They talked about how much Joseph Graffagnino Jr. loved his job at the Engine 24/Ladder 5 firehouse, and they laughed over the practical jokes the firefighters played on each other — but they never spoke about the mazes of burning buildings, the dark billowing smoke, the oxygen tanks that run out of air.
“You try to block that out of your head,” the elder Graffagnino said in an interview last week. “You don’t want to think about that. You’re always afraid of the phone call in the middle of the night.”
As it turned out, the phone call came during the day, when the father was at church.
It was one year ago, Sat., Aug. 18, 2007, and the Deutsche Bank building across from the World Trade Center site was in flames. More than 270 firefighters responded to the asbestos-contaminated building, which was damaged on 9/11 and was in the process of being cleaned and demolished.
Where firefighters expected staircases, they found plywood barriers. Where they looked for windows, they found plastic sheeting.
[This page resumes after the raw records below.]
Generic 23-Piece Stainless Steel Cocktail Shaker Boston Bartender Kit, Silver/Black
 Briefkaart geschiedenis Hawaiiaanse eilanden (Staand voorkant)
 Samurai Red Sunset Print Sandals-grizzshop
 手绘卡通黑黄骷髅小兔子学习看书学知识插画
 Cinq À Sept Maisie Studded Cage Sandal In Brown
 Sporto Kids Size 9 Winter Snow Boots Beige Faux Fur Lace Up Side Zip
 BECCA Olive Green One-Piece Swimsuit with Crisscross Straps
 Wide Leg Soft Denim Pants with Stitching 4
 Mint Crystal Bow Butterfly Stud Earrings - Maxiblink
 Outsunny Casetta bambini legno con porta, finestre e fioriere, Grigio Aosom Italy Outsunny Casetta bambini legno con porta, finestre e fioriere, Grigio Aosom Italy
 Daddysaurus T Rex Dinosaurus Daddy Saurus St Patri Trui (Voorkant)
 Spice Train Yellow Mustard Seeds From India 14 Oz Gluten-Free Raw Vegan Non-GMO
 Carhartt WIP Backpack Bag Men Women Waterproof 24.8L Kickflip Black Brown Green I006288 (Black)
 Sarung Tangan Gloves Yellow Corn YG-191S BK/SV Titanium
And at the standpipe, where they expected torrents of water to battle the blaze, they found not even a trickle, because the standpipe was broken and it had not been inspected.
Firefighters Graffagnino Jr., 33, and Robert Beddia, 53, died of cardiac arrest when their oxygen tanks ran out, leaving them only carbon monoxide to breathe. Graffagnino left behind his parents, wife, 4-year-old daughter and infant son. Beddia was divorced and left behind two older brothers and two younger sisters.
For Graffagnino Sr., 60, the approach of the one-year anniversary of his son’s death stirs memories and emotions that had not yet settled.
“I just want to get it over with,” Graffagnino said. “The wound is always open…. It never really goes away.”
His son’s death thrust Graffagnino into the spotlight. While at first the cameras and microphones just added to the surreal blur following the fire, Graffagnino soon began using his platform to advocate for firefighters’ safety. He successfully fought for changes to the city building code, and at his urging, the Fire Department is testing a new technology that will help commanders find firefighters who are trapped in burning buildings.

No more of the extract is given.